Jon accompanies the Halfhand to take out a group of sentries. Dany is offered enough money to buy an army in exchange for her marrying Xaro Xohan Daxos. Arya finds the Tickler dead.
I’m find the episodes in this season surprisingly slow. It’s not so much that nothing happens in them, but rather that we are moving between plotlines a little too often within a single episode. I do understand why that’s happening but the trouble is that you end up with too little screen time for some stories and too much for others. Take this episode for example – we’ve seen literally every major character in this episode with the exception of Joffrey and Sansa. The end result tends to dilute the overall impact of any one storyline.
Look at the North as an example – literally nothing happened except some minor exposition and some character introductions. It might have been better to devote a larger time segment to actually having the Northern cast actually do something rather than just giving them screen time for the sake of it. It’s the same with Bran – his entire scene exists almost exclusively so that we can learn more about his prophetic dreams, which will become very relevant anytime now. The trouble is, in order to give that little bit of information, valuable screen time has to be set aside to setting the scene up and sort of setting the context for what Bran is up to these days. While that slice-of-life kind of scene has its own merits, it might make more sense to prolong them and add more substance to them. Dany’s scene, most of which I believe are new additions original to the adaptation, on the other hand spent a good deal more time setting the scene and just letting the audience sort of get a sense of what kind of place Dany is in.

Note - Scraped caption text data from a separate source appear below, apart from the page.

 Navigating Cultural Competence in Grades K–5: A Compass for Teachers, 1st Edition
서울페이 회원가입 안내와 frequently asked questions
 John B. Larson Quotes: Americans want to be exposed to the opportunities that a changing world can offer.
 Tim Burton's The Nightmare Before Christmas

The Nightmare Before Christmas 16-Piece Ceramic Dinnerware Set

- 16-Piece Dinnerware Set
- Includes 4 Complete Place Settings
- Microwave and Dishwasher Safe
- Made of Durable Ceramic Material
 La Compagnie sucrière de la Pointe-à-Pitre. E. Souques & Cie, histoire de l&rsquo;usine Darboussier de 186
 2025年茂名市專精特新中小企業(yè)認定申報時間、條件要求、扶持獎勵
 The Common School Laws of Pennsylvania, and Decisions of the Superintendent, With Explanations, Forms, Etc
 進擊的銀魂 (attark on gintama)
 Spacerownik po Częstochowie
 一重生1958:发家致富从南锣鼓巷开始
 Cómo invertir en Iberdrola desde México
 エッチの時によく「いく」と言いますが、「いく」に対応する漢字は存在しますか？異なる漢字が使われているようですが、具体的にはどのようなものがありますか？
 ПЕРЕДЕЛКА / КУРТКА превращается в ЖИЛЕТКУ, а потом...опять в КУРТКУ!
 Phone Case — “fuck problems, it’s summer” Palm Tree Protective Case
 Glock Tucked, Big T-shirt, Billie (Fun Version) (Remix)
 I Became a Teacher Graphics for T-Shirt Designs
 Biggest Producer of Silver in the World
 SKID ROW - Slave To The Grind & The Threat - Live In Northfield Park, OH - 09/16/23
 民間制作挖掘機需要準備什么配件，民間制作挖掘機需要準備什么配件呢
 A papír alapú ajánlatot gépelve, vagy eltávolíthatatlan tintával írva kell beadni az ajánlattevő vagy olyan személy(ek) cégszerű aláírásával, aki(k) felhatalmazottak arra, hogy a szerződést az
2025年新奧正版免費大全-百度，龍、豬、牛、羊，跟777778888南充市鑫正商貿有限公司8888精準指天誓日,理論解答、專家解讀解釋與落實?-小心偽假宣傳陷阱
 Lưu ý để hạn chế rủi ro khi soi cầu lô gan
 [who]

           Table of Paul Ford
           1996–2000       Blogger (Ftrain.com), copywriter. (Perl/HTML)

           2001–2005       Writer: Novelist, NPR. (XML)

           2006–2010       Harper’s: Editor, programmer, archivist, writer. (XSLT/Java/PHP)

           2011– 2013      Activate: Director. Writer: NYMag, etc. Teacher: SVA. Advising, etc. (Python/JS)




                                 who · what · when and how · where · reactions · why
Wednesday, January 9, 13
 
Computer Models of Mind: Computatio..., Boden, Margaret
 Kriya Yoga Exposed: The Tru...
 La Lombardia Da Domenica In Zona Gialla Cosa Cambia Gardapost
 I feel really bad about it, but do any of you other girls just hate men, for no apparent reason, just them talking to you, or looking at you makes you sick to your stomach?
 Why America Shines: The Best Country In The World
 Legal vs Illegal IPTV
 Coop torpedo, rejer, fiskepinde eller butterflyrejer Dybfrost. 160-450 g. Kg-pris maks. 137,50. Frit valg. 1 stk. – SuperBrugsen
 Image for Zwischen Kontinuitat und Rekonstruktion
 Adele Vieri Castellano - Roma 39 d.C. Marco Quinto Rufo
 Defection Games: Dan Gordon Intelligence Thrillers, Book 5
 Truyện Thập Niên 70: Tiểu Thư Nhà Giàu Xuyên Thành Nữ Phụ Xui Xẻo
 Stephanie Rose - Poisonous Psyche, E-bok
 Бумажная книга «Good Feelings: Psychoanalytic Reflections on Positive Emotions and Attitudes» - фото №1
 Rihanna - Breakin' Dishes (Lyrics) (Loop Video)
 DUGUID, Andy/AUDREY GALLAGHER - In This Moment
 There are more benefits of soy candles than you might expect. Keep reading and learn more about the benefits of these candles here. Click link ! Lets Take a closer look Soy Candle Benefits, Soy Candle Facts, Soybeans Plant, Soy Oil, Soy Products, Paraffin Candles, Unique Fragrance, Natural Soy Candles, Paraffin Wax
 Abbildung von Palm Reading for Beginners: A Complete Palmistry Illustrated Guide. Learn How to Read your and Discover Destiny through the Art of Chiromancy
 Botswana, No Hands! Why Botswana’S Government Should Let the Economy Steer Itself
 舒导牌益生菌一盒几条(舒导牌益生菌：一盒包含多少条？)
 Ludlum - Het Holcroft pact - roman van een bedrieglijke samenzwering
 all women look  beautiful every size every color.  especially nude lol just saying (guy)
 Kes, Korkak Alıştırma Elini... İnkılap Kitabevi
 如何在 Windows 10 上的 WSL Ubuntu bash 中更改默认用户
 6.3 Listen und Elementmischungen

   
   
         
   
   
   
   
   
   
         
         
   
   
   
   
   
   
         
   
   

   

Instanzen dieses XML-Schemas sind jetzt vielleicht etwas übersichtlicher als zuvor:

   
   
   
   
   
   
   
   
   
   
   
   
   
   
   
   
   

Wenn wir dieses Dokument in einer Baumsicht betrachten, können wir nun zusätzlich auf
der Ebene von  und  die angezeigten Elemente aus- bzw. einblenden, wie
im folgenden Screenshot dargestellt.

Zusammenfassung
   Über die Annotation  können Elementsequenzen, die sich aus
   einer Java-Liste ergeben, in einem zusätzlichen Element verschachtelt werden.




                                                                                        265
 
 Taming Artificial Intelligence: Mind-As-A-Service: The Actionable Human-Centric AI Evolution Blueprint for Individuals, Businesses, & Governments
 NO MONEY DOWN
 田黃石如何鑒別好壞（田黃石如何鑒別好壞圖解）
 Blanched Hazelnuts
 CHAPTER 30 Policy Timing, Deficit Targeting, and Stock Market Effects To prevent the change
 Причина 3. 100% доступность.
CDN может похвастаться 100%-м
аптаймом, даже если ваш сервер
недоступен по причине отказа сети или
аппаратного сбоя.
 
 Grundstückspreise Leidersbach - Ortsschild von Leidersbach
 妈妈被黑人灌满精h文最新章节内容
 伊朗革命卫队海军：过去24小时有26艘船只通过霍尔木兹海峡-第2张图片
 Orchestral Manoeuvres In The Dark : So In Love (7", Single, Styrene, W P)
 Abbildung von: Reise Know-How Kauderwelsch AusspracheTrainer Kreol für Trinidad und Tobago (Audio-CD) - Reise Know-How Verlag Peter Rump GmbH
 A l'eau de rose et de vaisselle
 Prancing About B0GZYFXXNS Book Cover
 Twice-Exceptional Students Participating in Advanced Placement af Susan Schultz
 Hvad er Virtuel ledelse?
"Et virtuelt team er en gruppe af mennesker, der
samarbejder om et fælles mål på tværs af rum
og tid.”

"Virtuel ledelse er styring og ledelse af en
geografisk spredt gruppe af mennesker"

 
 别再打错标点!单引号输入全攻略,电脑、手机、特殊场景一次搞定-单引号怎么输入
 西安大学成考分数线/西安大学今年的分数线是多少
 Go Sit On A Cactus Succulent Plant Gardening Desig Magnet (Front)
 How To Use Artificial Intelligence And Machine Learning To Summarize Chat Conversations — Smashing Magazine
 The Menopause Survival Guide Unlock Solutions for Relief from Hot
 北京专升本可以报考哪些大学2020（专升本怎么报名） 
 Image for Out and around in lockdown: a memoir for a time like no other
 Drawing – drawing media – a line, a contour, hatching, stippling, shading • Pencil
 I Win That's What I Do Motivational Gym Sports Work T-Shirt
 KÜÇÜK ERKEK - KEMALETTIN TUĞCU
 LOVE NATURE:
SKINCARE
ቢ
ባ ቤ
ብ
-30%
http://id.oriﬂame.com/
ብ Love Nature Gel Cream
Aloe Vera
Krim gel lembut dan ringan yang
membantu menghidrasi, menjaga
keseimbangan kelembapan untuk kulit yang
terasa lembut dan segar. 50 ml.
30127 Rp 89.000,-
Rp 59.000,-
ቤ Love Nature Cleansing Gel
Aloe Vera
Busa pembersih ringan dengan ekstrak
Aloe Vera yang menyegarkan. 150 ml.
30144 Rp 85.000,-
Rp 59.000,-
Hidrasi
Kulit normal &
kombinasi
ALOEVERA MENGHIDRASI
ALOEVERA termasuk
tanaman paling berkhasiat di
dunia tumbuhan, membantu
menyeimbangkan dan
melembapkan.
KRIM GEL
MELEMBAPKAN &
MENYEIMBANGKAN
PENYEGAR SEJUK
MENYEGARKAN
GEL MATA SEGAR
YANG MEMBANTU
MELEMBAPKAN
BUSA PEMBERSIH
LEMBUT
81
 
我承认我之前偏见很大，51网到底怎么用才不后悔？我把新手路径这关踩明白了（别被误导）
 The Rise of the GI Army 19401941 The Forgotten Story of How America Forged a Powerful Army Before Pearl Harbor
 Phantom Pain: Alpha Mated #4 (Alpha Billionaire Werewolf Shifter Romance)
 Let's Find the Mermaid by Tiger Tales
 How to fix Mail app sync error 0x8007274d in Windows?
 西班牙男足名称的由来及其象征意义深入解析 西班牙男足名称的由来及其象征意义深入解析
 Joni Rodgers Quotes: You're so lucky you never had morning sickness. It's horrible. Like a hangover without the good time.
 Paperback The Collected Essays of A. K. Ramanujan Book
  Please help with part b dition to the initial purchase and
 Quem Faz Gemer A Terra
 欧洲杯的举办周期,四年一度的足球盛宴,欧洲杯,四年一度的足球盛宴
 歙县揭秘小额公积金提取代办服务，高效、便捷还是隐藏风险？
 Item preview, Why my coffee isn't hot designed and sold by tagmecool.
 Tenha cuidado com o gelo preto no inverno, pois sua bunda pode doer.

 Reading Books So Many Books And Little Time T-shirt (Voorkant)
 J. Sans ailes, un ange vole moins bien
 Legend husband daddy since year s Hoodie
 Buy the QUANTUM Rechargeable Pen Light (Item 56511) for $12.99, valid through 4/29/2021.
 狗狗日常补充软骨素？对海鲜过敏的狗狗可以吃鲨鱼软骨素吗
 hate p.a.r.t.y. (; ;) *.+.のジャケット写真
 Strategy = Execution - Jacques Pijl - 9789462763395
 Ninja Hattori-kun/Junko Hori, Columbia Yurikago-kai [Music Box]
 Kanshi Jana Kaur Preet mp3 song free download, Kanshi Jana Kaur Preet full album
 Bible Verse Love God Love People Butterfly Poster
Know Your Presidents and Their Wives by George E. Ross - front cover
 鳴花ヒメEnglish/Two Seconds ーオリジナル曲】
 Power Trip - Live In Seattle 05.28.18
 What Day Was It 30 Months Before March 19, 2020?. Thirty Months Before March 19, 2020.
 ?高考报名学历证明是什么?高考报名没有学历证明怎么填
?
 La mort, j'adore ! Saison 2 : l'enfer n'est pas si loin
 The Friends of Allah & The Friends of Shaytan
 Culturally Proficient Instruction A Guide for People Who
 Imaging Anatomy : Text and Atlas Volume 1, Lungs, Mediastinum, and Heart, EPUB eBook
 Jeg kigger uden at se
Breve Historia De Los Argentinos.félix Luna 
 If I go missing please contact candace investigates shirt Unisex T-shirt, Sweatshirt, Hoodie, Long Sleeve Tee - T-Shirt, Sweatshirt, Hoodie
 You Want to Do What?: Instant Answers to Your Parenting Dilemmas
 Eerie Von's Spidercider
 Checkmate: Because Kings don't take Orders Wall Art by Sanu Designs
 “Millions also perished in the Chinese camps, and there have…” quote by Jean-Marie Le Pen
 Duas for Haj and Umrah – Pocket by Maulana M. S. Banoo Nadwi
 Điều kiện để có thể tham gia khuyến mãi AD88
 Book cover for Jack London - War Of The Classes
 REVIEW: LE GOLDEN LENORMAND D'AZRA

I guess at this point it’s almost pointless to talk about changes between the books and the show but there are a few that I find particularly interesting – this whole merging of the Red God with the Many-Faced God sort of puts everything into binary terms for the audience. There’s the Old Gods (Starks), the New Gods (South) and the Red God (foreign). I wouldn’t fault anyone at this point for thinking that the Red God is generally more capable than the rest put together. On the topic of changes though, I think the addition of the interactions between Arya and Tywin are probably the best things that HBO has done for the series. There’s a genuine tension (despite me knowing what happens) of having Arya hidden right under Tywin’s nose. It isn’t even the scene itself so much as it is the chemistry than Charles Dance and Maisie Williams share. Unfortunately, the show giveth and the show taketh away – whatever good they achieved for Arya’s storyline was negated by the harm they continue to do to Stannis’. Dilane’s Stannis is an altogether unlikable piece of work – seemingly wilfully unaware of his moral boundaries and his treatment of Davos in the show comes across as condescending and mean where my original interpretation of it was that it was just his usual gruffness manifesting itself.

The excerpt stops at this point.